Required work: Please copy all of the entries exactly, but drop every picture.
*** Provided entries
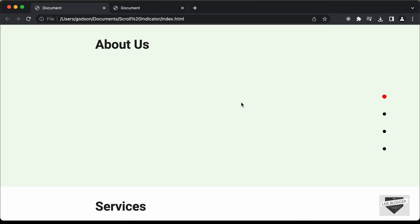Hi everybody, welcome to Live Blogger. In this tutorial series we have been creating a scroll spy indicator using HTML, CSS and JavaScript.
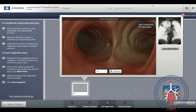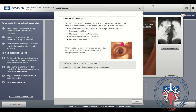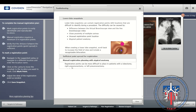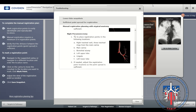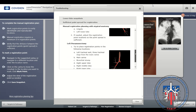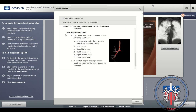Next, select the gray tab Plan Registration. This step of manual registration is not necessary, as registration is achieved automatically. This is done in case there is a failure in registration or there are special circumstances that require manual registration. The hyperlink 'More Registration Planning Tips' provides information on atypical anatomy, such as lobectomy, right pneumonectomy, or left pneumonectomy.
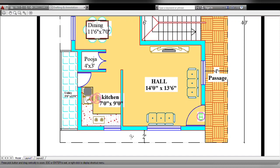The front is 2 feet. Ventilation. Main door at the entrance. Hall size is 14 feet by 13 feet 6 inches. This is the sofa. Front and side window.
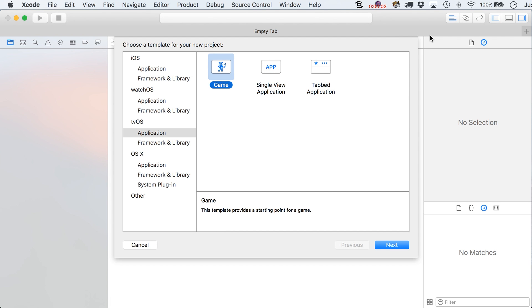All right, so let's get started over here in Xcode. Our first task, and most of this first lesson is going to be dedicated to this, is creating an application that is going to work for both tvOS and iOS formats.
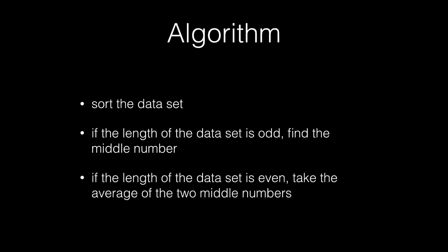The algorithm is pretty straightforward. Our first step is to sort the dataset. If the length of the dataset is odd, we will find the middle number. We can do this by using the indices of the element and taking the length and dividing it by a factor.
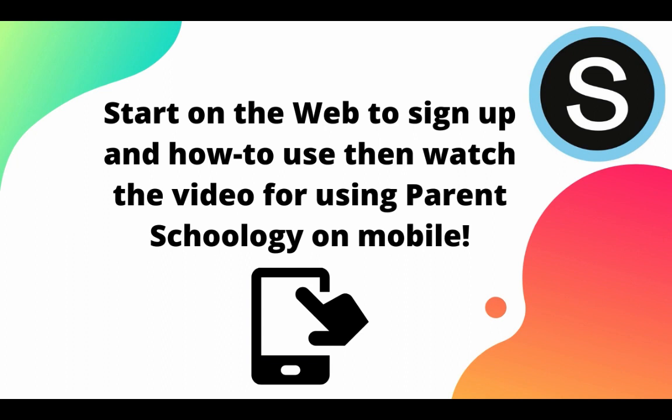This video will show you how to sign up and use Schoology parent portal on the web, but you're also going to want to watch our other video for how to use parent Schoology on your mobile device. So let's get started on the web.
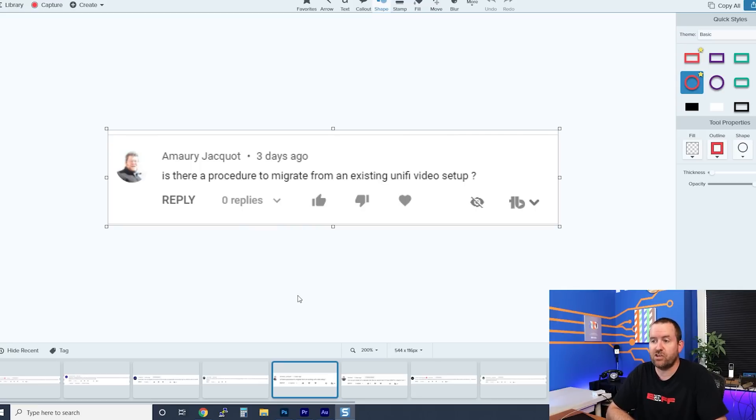A viewer asks: is there a procedure to migrate from an existing UniFi Video setup? Yes — this is exactly the procedure I went through earlier in this video. I had a UniFi Video NVR on the latest version, took a backup of UniFi Video, then went into Protect and restored the backup. It didn't bring across users or other settings — only the cameras connected to UniFi Video. All those cameras populated into UniFi Protect and worked great, with only one camera getting stuck during the update, which was resolved by power-cycling it.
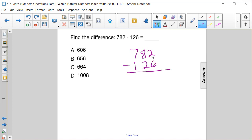Now we can't do 2 minus 6, so we need to regroup. So the 8 becomes a 7 and the 2 becomes a 12.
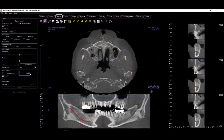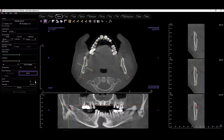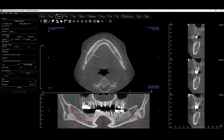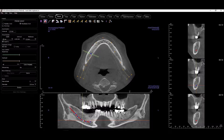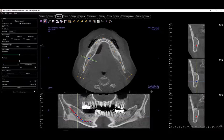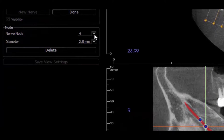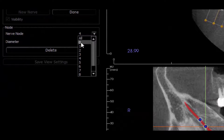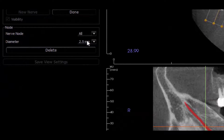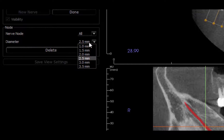You can modify the nerve by selecting it and clicking modify. Select a particular node either in the drop-down menu or by clicking on it in order to change its diameter, delete it, or adjust its position. Additionally, you can set the diameter for the entire nerve by selecting all from the drop-down menu.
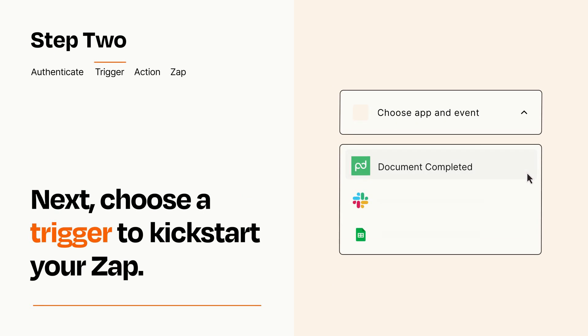Now let's set up your trigger, which is the event that starts your Zap. Pick the trigger event that you want from the list.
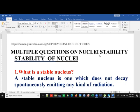Today we want to consider multiple questions on nuclear stability. Question 1 says: what is a stable nucleus? A stable nucleus is one which does not decay spontaneously, emitting any form of radiation.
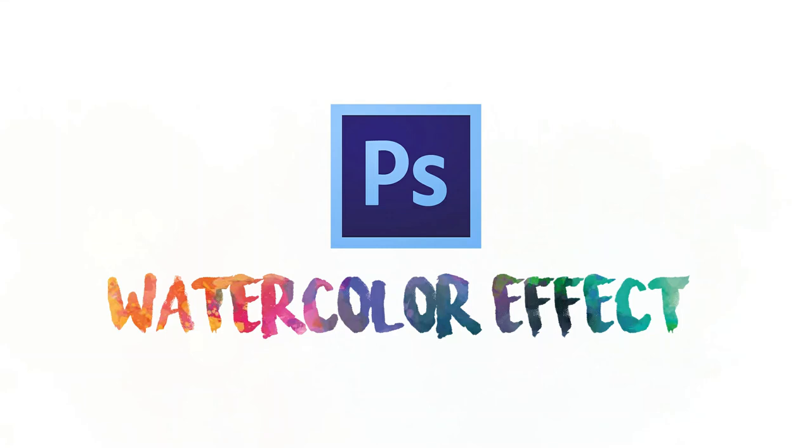Hey, hello everyone. Welcome to the tutorial. Today we'll learn how to create a watercolor effect in Photoshop.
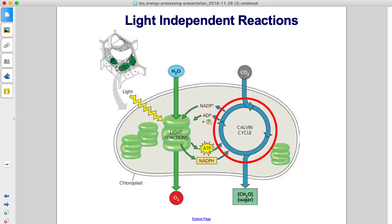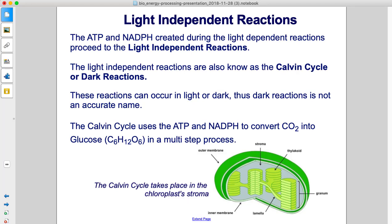Now let's learn about light-independent reactions. The ATP and NADPH created during the light-dependent reactions proceed to the light-independent reactions. The light-independent reactions are also known as the Calvin cycle or dark reactions. These reactions can occur in light or dark, so dark reactions is not an accurate name.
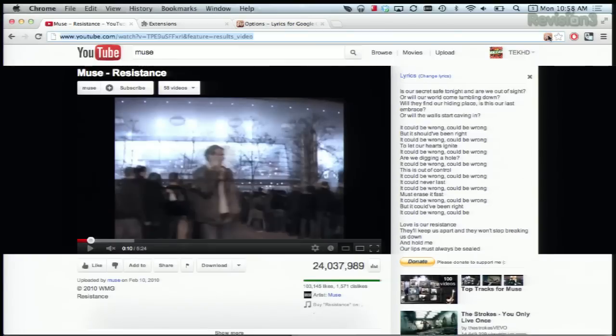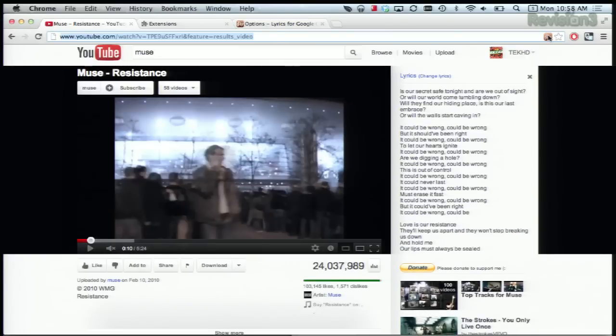All you have to do is press that. Bam — lyrics. You can also use the app to search for lyrics in case you're viewing on an unsupported website, or if you just happen to have a song stuck in your head that you want the words to.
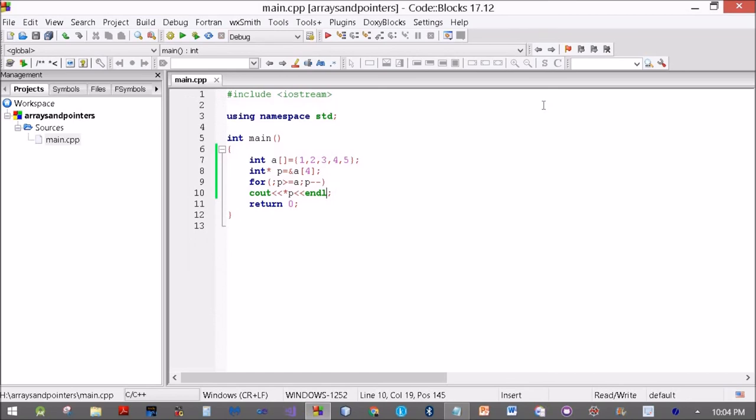See, I got the array printed over here in reverse order. So plus and minus both are allowed. We also saw how we can subtract two pointers if they are part of the same array, and it returns the number of elements in between. Because as I said, pointer arithmetic is consistent with the size of the elements that are being stored.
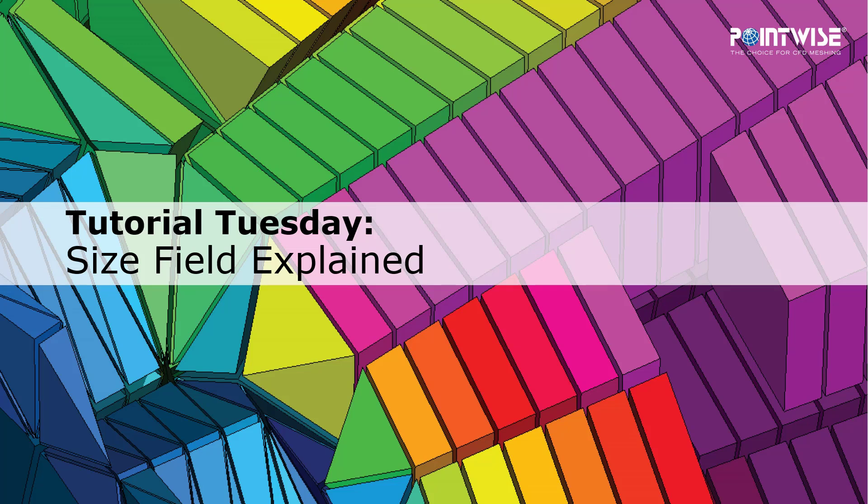Welcome to PointWise's Tutorial Tuesday, where we show you how to use a feature or demonstrate a technique in just a couple of minutes.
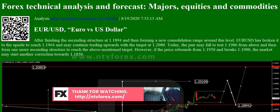XAUUSD: Gold has completed the ascending wave at 2011.00 along with the correction towards 1981.00. Right now, it is consolidating around 1995.00. Possibly, the pair may break the range to the upside and finish this wave at 2020.70. After that, the instrument may start another correction with the target at 1942.15.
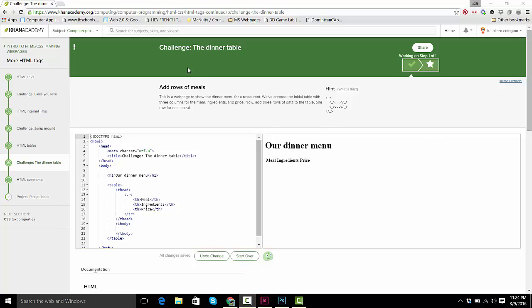Okay, so this challenge, Challenge the Dinner Table, is about adding rows in a table.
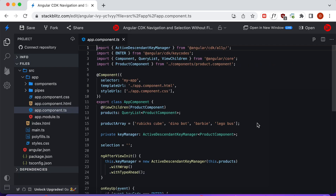Angular CDK comes with two types of list key managers: the first is a Focus Key Manager and the second is an Active Descendants Key Manager. For this demo, we're going to be using the Active Descendants Key Manager to manage the selection and navigation of the product components.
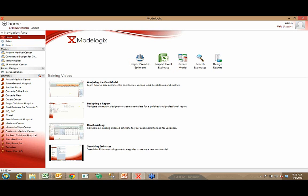Under the navigation pane, the home page is what we're looking at right now. We'll talk about setup and searching the database. Below that, you see a list of budgets or cost models that you're currently working on — models you personally are in the process of working on. Modelogic allows you to keep those models private to you as an individual user, or make them public so other users can also have access. The same is true of report designs.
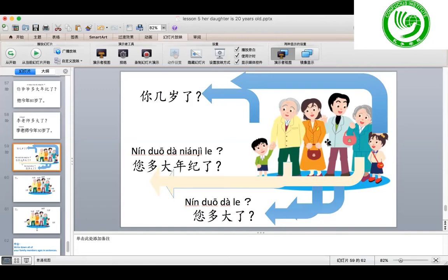If you want to ask me how old I am, you should use 您多大了 to show respect. You can ask me. My age is a secret, but I can tell you — 我四十岁了. I am 40 years old. If you want to say this year, you can say 我今年四十岁了. 今年 means this year.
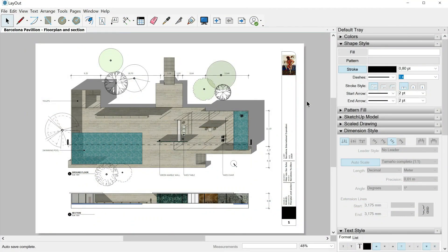Remember that your Layout file is always linked with your SketchUp model, and the main purpose of this software is to help you make presentations in a more attractive and complete way, always using your 3D models made in SketchUp. It will also help you save time when making changes to your 3D model, and lets you include dimensions, titles, notes, callouts, and so on.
******
The completed task:
Hi everybody, welcome to Live Blogger. In this tutorial series we have been creating a scroll spy indicator using HTML, CSS and JavaScript.
Next, select the gray tab Plan Registration. This step of manual registration is not necessary, as registration is achieved automatically. This is done in case there is a failure in registration or there are special circumstances that require manual registration. The hyperlink 'More Registration Planning Tips' provides information on atypical anatomy, such as lobectomy, right pneumonectomy, or left pneumonectomy.
The front is 2 feet. Ventilation. Main door at the entrance. Hall size is 14 feet by 13 feet 6 inches. This is the sofa. Front and side window.
All right, so let's get started over here in Xcode. Our first task, and most of this first lesson is going to be dedicated to this, is creating an application that is going to work for both tvOS and iOS formats.
The algorithm is pretty straightforward. Our first step is to sort the dataset. If the length of the dataset is odd, we will find the middle number. We can do this by using the indices of the element and taking the length and dividing it by a factor.
This video will show you how to sign up and use Schoology parent portal on the web, but you're also going to want to watch our other video for how to use parent Schoology on your mobile device. So let's get started on the web.
A viewer asks: is there a procedure to migrate from an existing UniFi Video setup? Yes — this is exactly the procedure I went through earlier in this video. I had a UniFi Video NVR on the latest version, took a backup of UniFi Video, then went into Protect and restored the backup. It didn't bring across users or other settings — only the cameras connected to UniFi Video. All those cameras populated into UniFi Protect and worked great, with only one camera getting stuck during the update, which was resolved by power-cycling it.
Now we can't do 2 minus 6, so we need to regroup. So the 8 becomes a 7 and the 2 becomes a 12.
You can modify the nerve by selecting it and clicking modify. Select a particular node either in the drop-down menu or by clicking on it in order to change its diameter, delete it, or adjust its position. Additionally, you can set the diameter for the entire nerve by selecting all from the drop-down menu.
Now let's set up your trigger, which is the event that starts your Zap. Pick the trigger event that you want from the list.
Today we want to consider multiple questions on nuclear stability. Question 1 says: what is a stable nucleus? A stable nucleus is one which does not decay spontaneously, emitting any form of radiation.
Hey, hello everyone. Welcome to the tutorial. Today we'll learn how to create a watercolor effect in Photoshop.
Now let's learn about light-independent reactions. The ATP and NADPH created during the light-dependent reactions proceed to the light-independent reactions. The light-independent reactions are also known as the Calvin cycle or dark reactions. These reactions can occur in light or dark, so dark reactions is not an accurate name.
All you have to do is press that. Bam — lyrics. You can also use the app to search for lyrics in case you're viewing on an unsupported website, or if you just happen to have a song stuck in your head that you want the words to.
See, I got the array printed over here in reverse order. So plus and minus both are allowed. We also saw how we can subtract two pointers if they are part of the same array, and it returns the number of elements in between. Because as I said, pointer arithmetic is consistent with the size of the elements that are being stored.
Welcome to PointWise's Tutorial Tuesday, where we show you how to use a feature or demonstrate a technique in just a couple of minutes.
XAUUSD: Gold has completed the ascending wave at 2011.00 along with the correction towards 1981.00. Right now, it is consolidating around 1995.00. Possibly, the pair may break the range to the upside and finish this wave at 2020.70. After that, the instrument may start another correction with the target at 1942.15.
Okay, so this challenge, Challenge the Dinner Table, is about adding rows in a table.
Angular CDK comes with two types of list key managers: the first is a Focus Key Manager and the second is an Active Descendants Key Manager. For this demo, we're going to be using the Active Descendants Key Manager to manage the selection and navigation of the product components.
Under the navigation pane, the home page is what we're looking at right now. We'll talk about setup and searching the database. Below that, you see a list of budgets or cost models that you're currently working on — models you personally are in the process of working on. Modelogic allows you to keep those models private to you as an individual user, or make them public so other users can also have access. The same is true of report designs.
If you want to ask me how old I am, you should use 您多大了 to show respect. You can ask me. My age is a secret, but I can tell you — 我四十岁了. I am 40 years old. If you want to say this year, you can say 我今年四十岁了. 今年 means this year.
Remember that your Layout file is always linked with your SketchUp model, and the main purpose of this software is to help you make presentations in a more attractive and complete way, always using your 3D models made in SketchUp. It will also help you save time when making changes to your 3D model, and lets you include dimensions, titles, notes, callouts, and so on.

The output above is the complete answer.